Friday, October 16, 2015

Hello, Again

I saw the horrible boy who made me laugh today. I was out on the town for business and had to walk a back road through the old churchyard to get myself a cab back to the office because the Park's streets were packed with festival goers. It had been a long day, and the afternoon was not even halfway done yet. I finally got a cab right before the road turned in to the church. As I was seating myself, I saw him walk out of the double doors and turn to the direction where I stood seconds ago. Five more seconds and he would have seen me. I was relieved, at first, like I had dodged a bullet. But a few seconds later, as he began shrinking away in the distance, a heaviness settled over me.

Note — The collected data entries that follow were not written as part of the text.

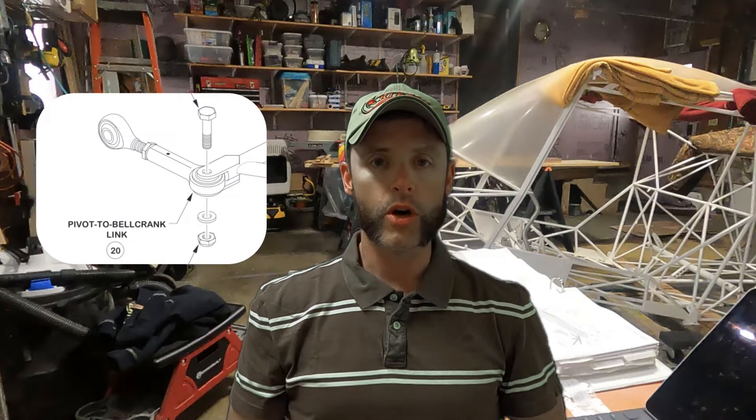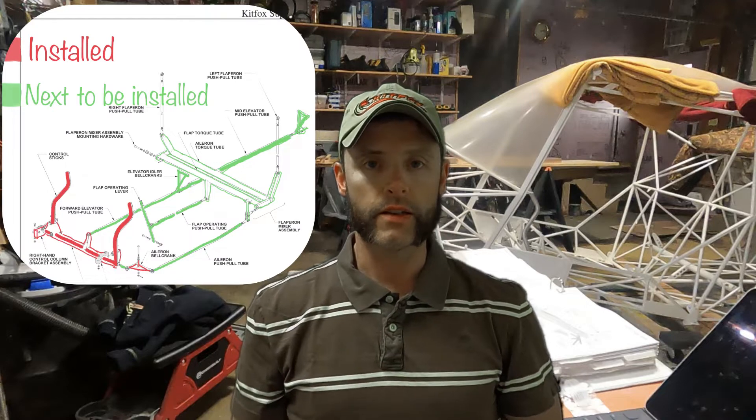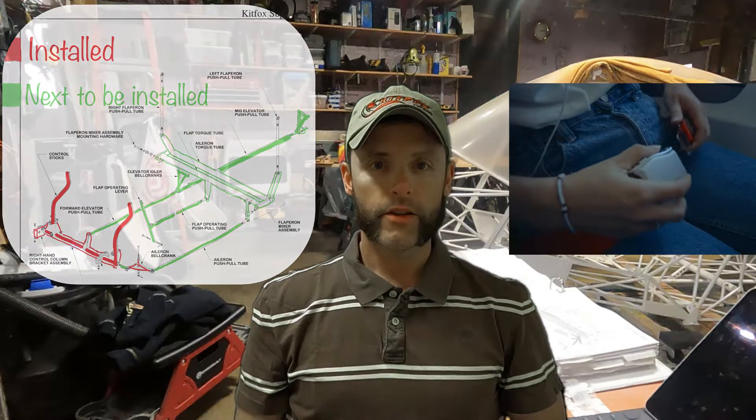It's a small little, basically two little ball ends — one's male, one's female — and it's gonna connect the control column to the bell crank, which is then gonna attach to the push-pull tubes and work its way aft all the way back to the elevator. So put your seat belts on and let's get into the video. Here we go.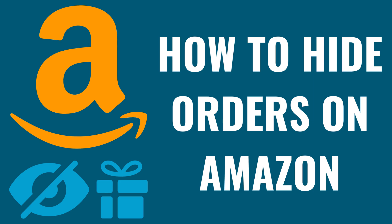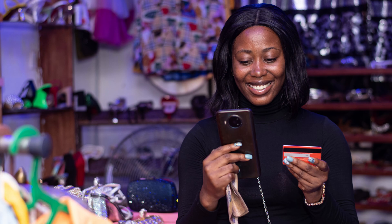I'm Max Dalton, and in this video I'll show you how to hide orders on Amazon so that other people on your Amazon account can't see that you ordered something. And to be clear, you can only do this through the Amazon website, and you can't do it through the Amazon app.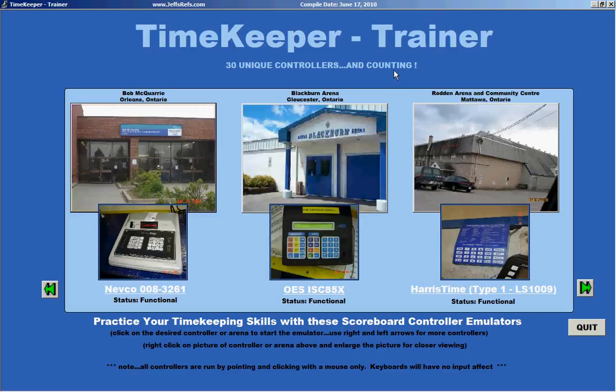As you can see, we've done an extensive amount of research on scoreboards in North America. We've found over 30 different controllers now. By using our Timekeeper Trainer you can get an idea of the controllers that are out here. Here you can see three of them: Nevco, OES, and Harris.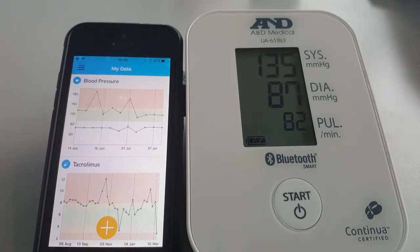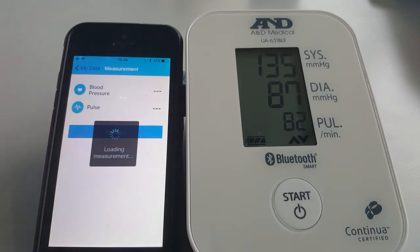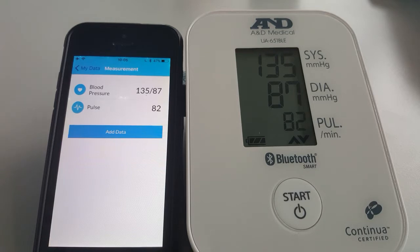When the reading is complete, the data will import automatically. And to confirm the addition of the data to your app, press the add data button.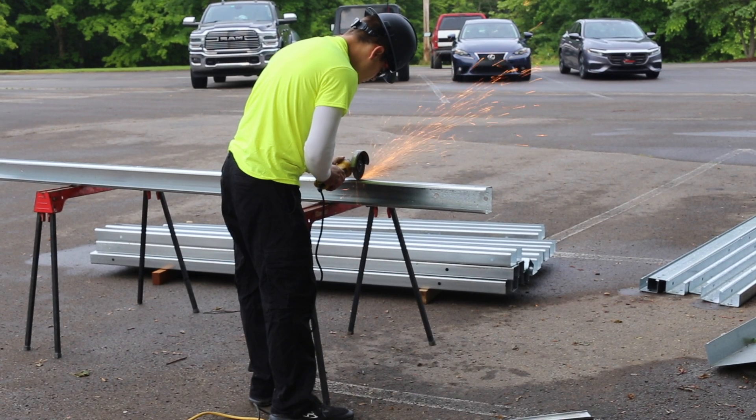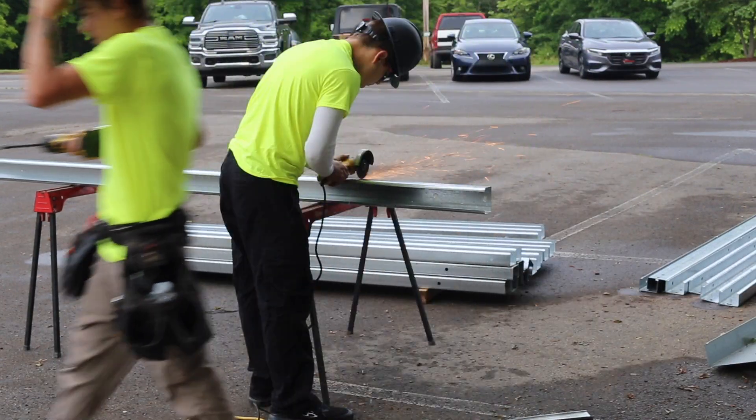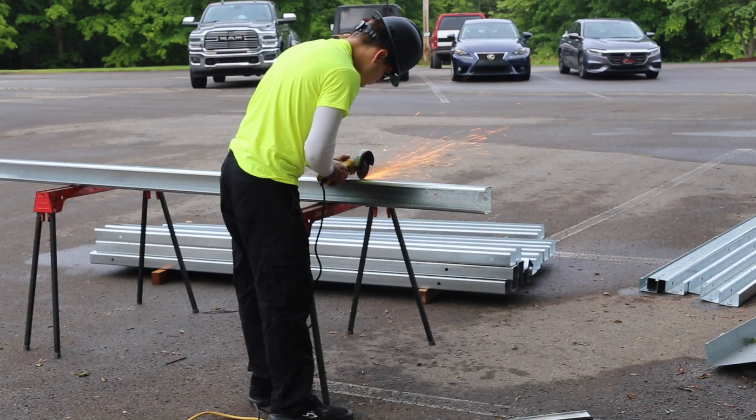The knee and apex braces will need to be cut before installation. One crew member can be designated to cut all braces while the rest of the crew prepares the slab and columns.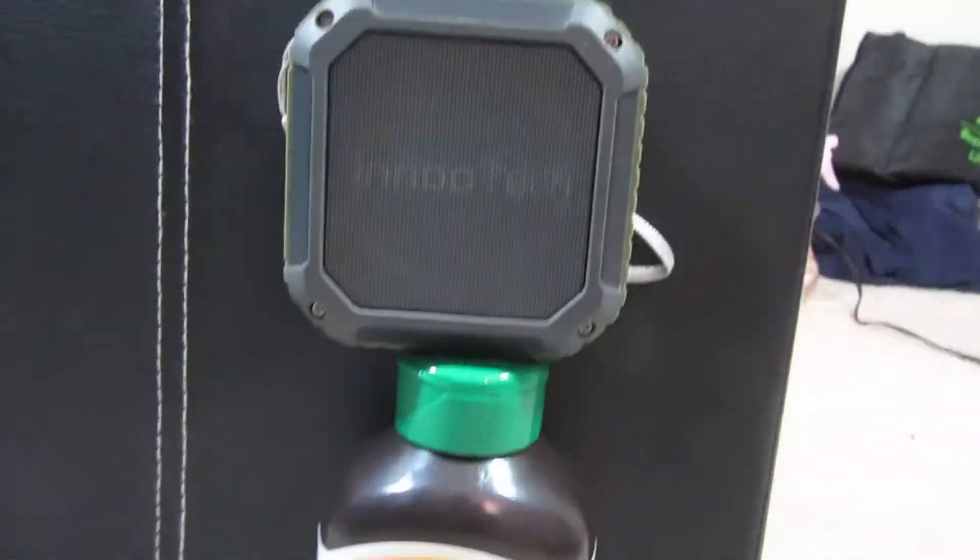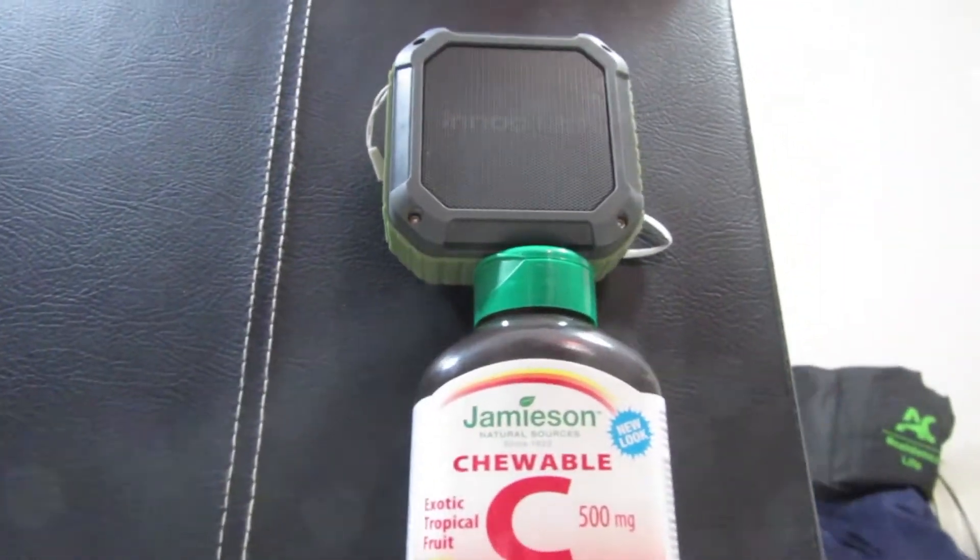You have buttons over there, right over there. There's an M there — I don't know what it is. The plus and minus volume there. The back is smooth. You have different screws.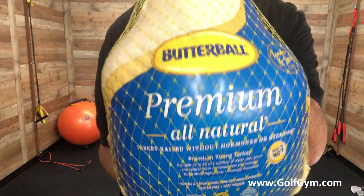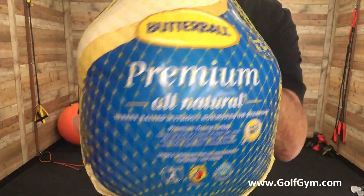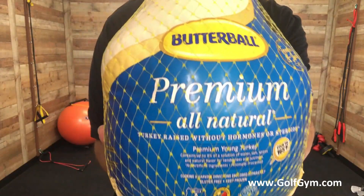Hey everybody, Ken Pierce here at Golfgym.com. Today is Thanksgiving here in the USA and you can still, before you cook it, work it.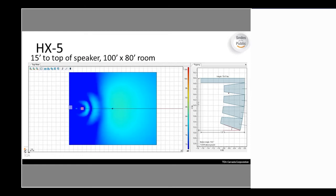Here's an EASE Focus rendering of the HX-5, showing the speaker at 15 feet height flown in a 100 by 80-foot room. You can see the coverage and dB level impact from a single HX-5. EASE Focus is a free rendering program available from AFMG that supports our files — once you have it, you can do your own coverage renderings for different speaker options.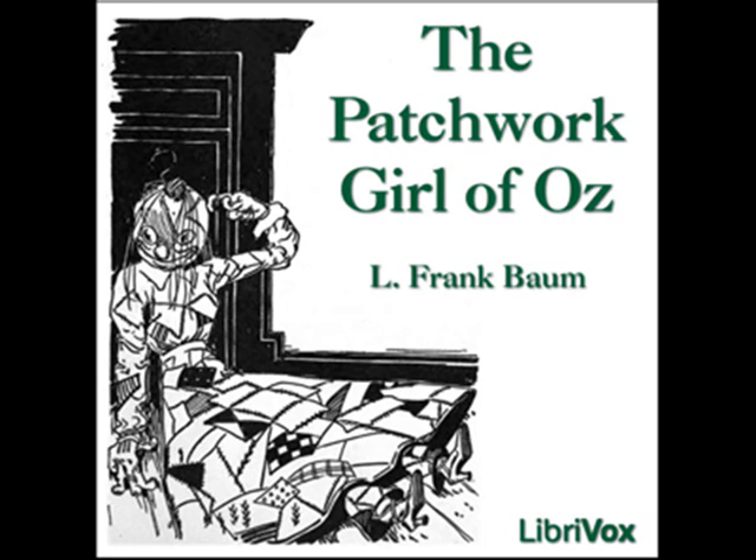'She will have to work when she comes to life,' said Margolot. The head of the patchwork girl was the most curious part of her. While she waited for her husband to finish making his powder of life, the woman had found ample time to complete the head as her fancy dictated, and she realized that a good servant's head must be properly constructed. The hair was of brown yarn and hung down on her neck in several neat braids.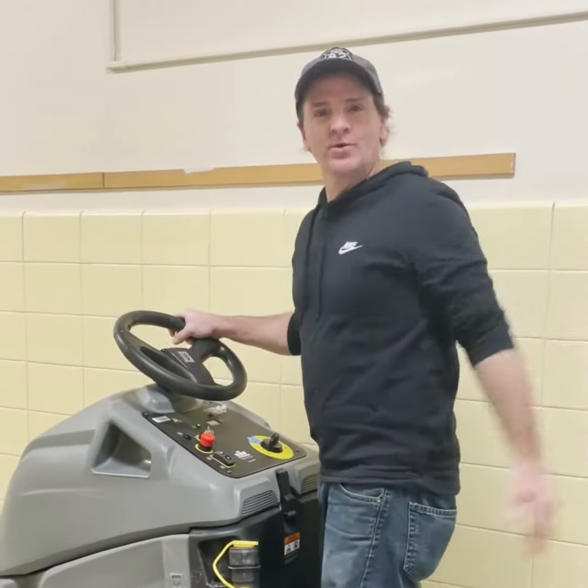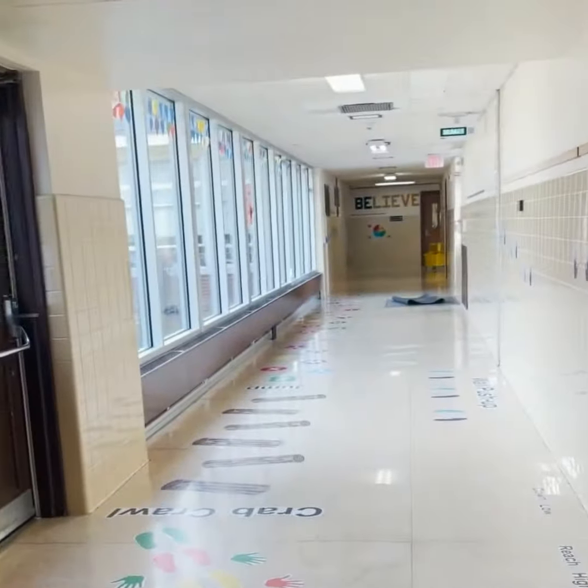We're going to be going over the floor, over the stickers that you see down the hallway. We're going to go over that with this machine with a scrub pad and we're going to clean it.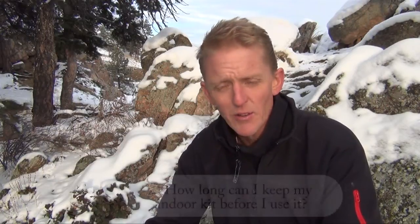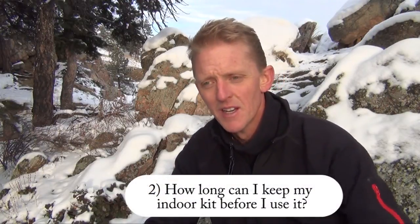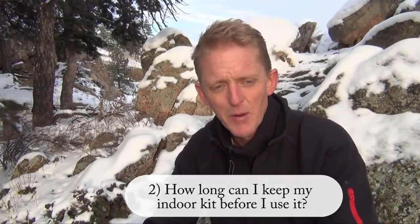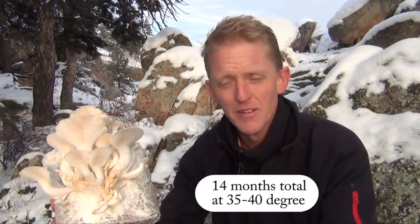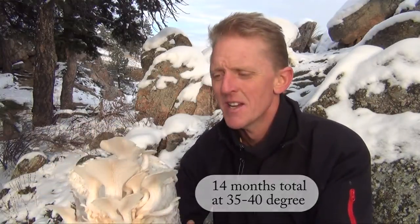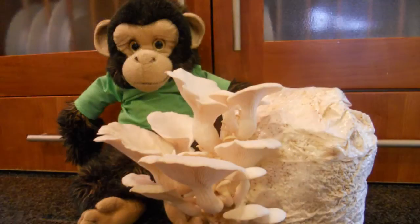To answer the question of how long you can keep your kit before you have to use it, I want to illustrate with an experiment and show you the results. This is an outmoisture kit that we put in cold storage and refrigeration between 35 and 40 degrees for over a year — actually a year and 14 months, about 405 days. And 10 days ago we cut this open and the mushrooms grew.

I had half a mind to ask the driver to stop, no, I changed my mind, I need to speak to him. In my head I had already ran to him, a big smile on my face, ready and willing to continue our camaraderie as if the past two years never happened, as if he never broke my heart. In my head, I had snuck up on him and looped my arm in his, only to laugh as he would panic and push me away. He always liked his personal space, and he was never one for random touches. Then he would laugh, too, and it would be like it was before, I would feel nineteen again, alive again. He would ask me how I was doing, and I would tell him of the hellish day I was having, and the problematic people I was dealing with. He would laugh at my troubles, like he always did, and then put an arm around my shoulders, comment on my height and tell me I could handle it in the most backhanded and cryptic way possible. I would have left my cares by the road as we walked down the path he was headed and talked about movies and existentialism, and the coming elections.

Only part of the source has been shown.